Many moons ago, the woods of Pennsylvania were a completely different place. Rather than a place that drew a mostly recreational type crowd, much like today, these woods were full of people working hard to making a living. Abundantly filled with logging crews, hunting gangs, and miles upon miles of trap lines that were manned by those who did their best to supply the booming fur trade.

Trapping’s thousands of years of tradition have been a part of the human race that dates way back to our prehistoric ancestors who invented the original pit traps. A pit trap was a large hole dug by men, often covered in thin twigs and leaves to disguise the trap. Once something had been caught, even a small animal, could be broken down into fur for clothing, food, tools made from bones, and anything else of value. Out of necessity, every single part of an animal that was usable was used — waste not, want not.

I find it to be both a blessing and a curse that we no longer live in a time of necessity when it comes to trapping. A blessing that food, tools, and fur are no longer hard to come by and a matter of life and death. A curse that, because of its decline, certain species of animals no longer remain at controllable numbers.

Perhaps there are no two species wreaking havoc across the Eastern United States quite at the rate of feral or wild hogs and coyotes. In the woods of Pennsylvania, to say the coyote population has grown significantly In the last twenty years, would be an understatement. That being acknowledged, we must consider and respect trapping’s overall effectiveness when it comes to population control of less desirable species of animals most often seen and referred to as a nuisance.

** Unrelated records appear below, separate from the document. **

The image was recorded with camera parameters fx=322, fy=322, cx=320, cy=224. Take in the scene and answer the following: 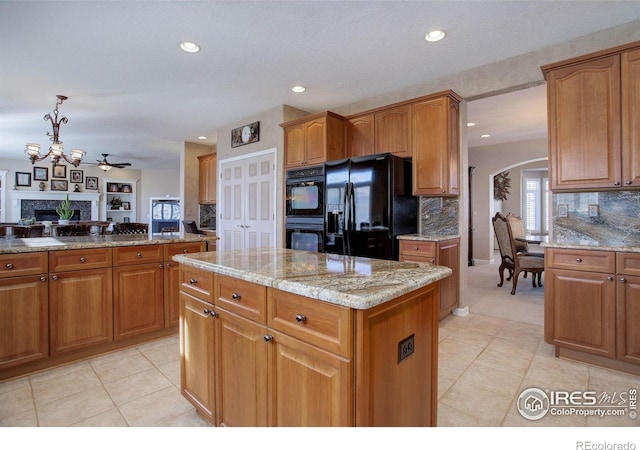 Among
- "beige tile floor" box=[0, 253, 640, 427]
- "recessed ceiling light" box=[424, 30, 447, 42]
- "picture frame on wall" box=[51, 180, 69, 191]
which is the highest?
"recessed ceiling light" box=[424, 30, 447, 42]

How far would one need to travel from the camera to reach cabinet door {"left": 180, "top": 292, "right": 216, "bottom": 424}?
159cm

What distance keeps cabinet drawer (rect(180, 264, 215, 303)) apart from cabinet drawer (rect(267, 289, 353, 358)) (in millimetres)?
476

There are two primary issues that caused trapping to fade in participation to begin with. No. 1 is that there’s very little money to be made, and secondly, it takes a lot of time and dedication. So, with that being said, there’s not many folks remaining that run a trap line and collect fur as their primary source of income. There remains a few, but business in the fur trade isn’t exactly booming right now.

The return of trapping as a pastime and it’s climb back in popularity as of late, is primarily because many have begun to view trapping in a whole new light. They’re embracing it not a source of income or a means of survival, but as a means of preservation, and time well spent.

Preservation in the aspect of the protection of many of our beloved game animals, livestock, and even pets. Each coyote that you trap or snare will never again snatch a fawn or turkey from the woods, nab a newborn calf from a farmer’s field, or steal a cat out of your neighborhood. Time well spent in the interest of conservation, protection and proper predator management.

It’s the above epiphany or realization that I believe will continue to spread and therefore collect more and more followers. With this new attitude toward trapping, those followers will then pick up a sport that once was lost, but its effectiveness has been found again.

Good luck trapping, friends.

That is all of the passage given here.